* Problem *
For this exercise, copy exactly every line from the one holding "ปกนิยาย มาลัยของท่านหลวง" through the end of the data, both included. Omit pictures.

* Data shown *
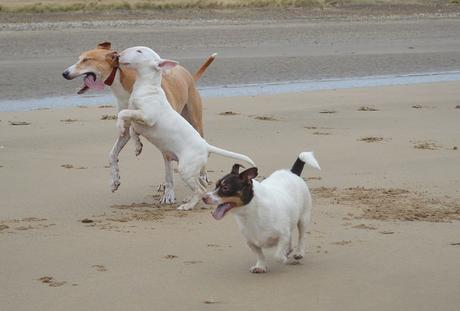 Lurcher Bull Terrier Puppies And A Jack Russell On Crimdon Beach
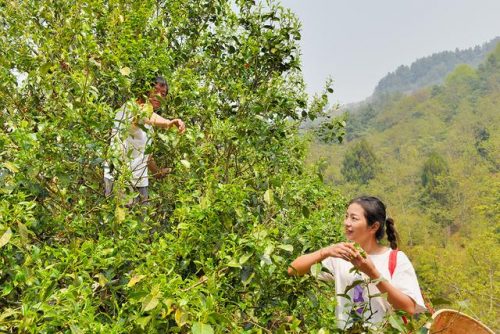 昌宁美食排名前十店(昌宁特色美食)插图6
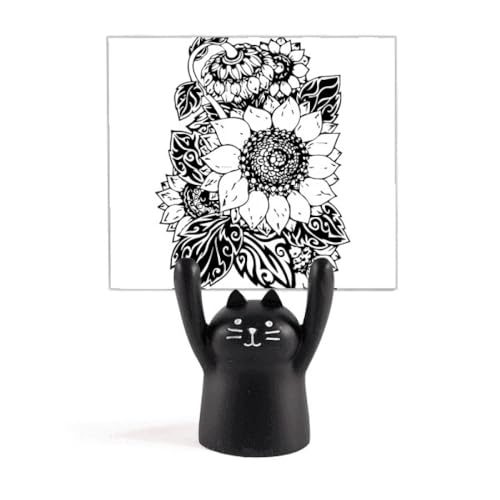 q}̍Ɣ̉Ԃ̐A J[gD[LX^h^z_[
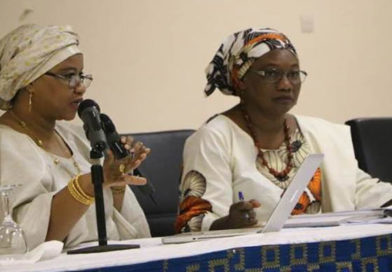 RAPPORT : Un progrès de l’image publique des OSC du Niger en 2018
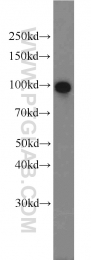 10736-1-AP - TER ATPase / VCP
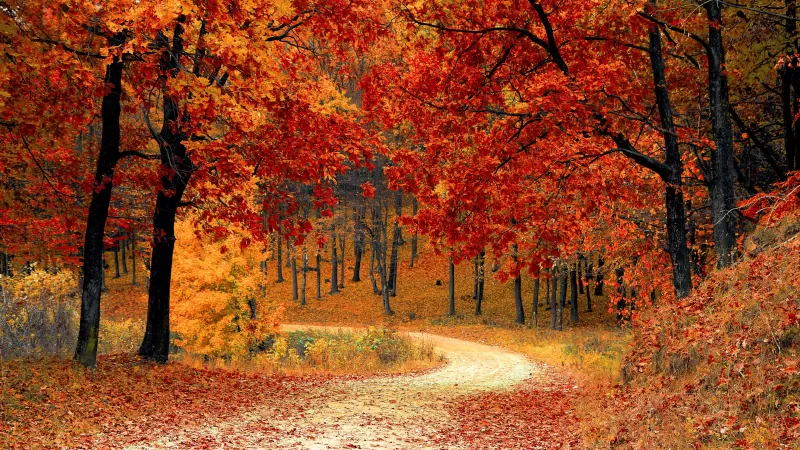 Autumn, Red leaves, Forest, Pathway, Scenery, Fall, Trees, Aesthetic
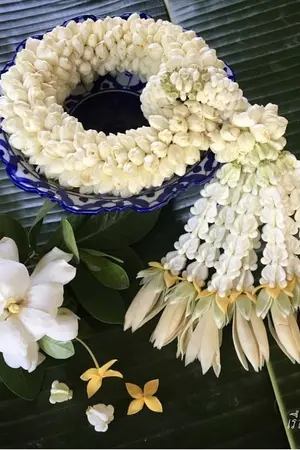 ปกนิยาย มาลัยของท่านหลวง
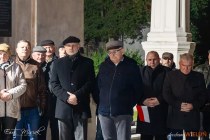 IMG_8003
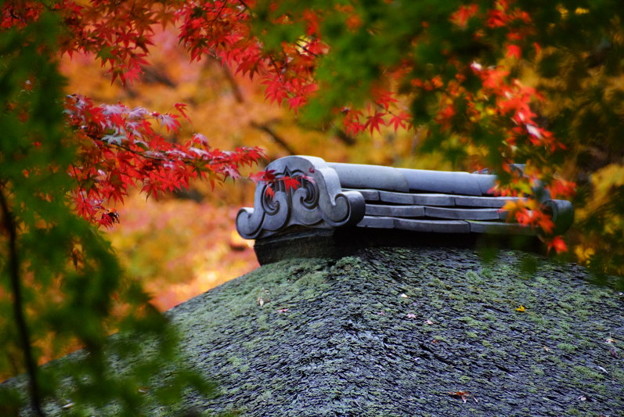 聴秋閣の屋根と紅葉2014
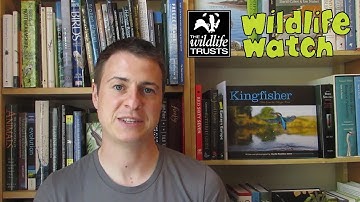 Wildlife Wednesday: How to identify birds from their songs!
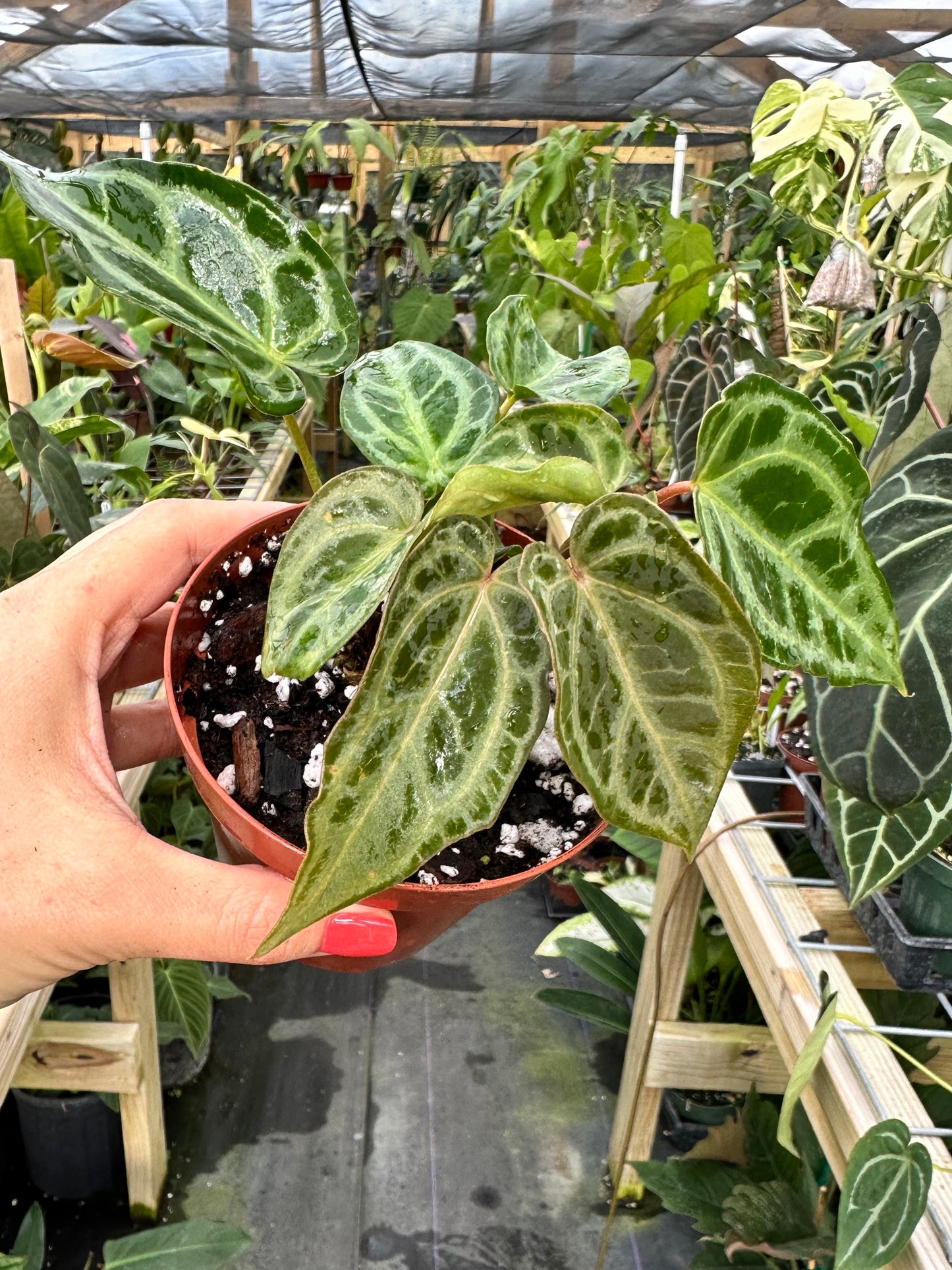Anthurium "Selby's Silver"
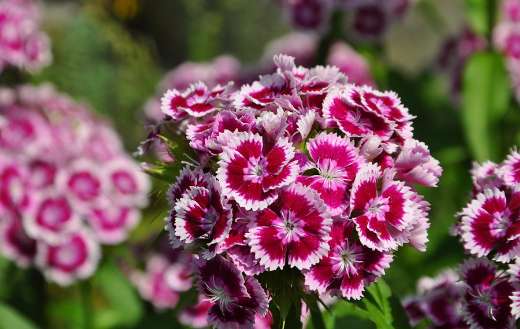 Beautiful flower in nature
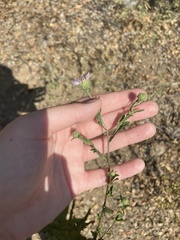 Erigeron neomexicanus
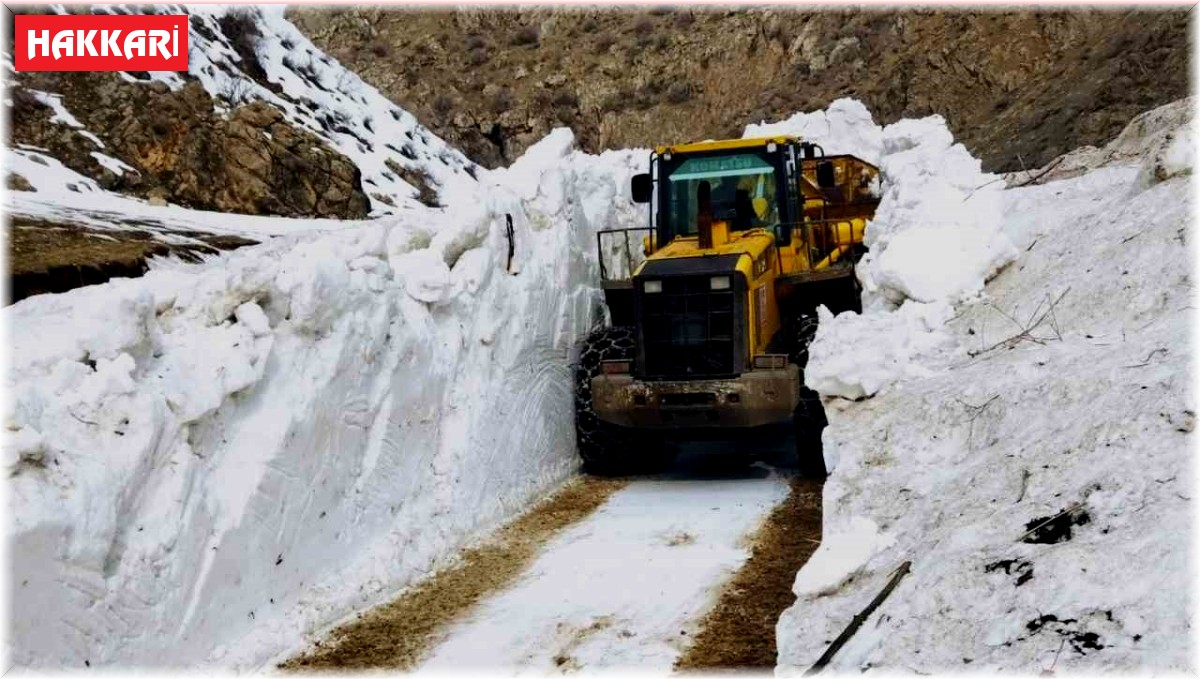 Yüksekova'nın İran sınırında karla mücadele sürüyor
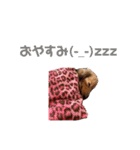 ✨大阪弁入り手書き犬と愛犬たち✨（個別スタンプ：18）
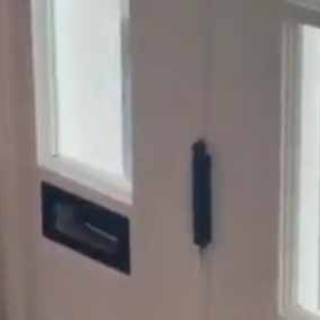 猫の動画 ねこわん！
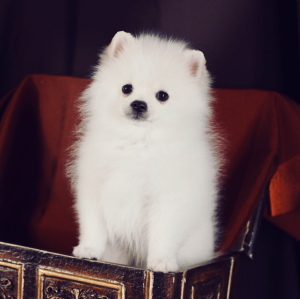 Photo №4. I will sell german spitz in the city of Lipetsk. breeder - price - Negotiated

* Result of this exercise *
 ปกนิยาย มาลัยของท่านหลวง
 IMG_8003
 聴秋閣の屋根と紅葉2014
 Wildlife Wednesday: How to identify birds from their songs!
Anthurium "Selby's Silver"
 Beautiful flower in nature
 Erigeron neomexicanus
 Yüksekova'nın İran sınırında karla mücadele sürüyor
 ✨大阪弁入り手書き犬と愛犬たち✨（個別スタンプ：18）
 猫の動画 ねこわん！
 Photo №4. I will sell german spitz in the city of Lipetsk. breeder - price - Negotiated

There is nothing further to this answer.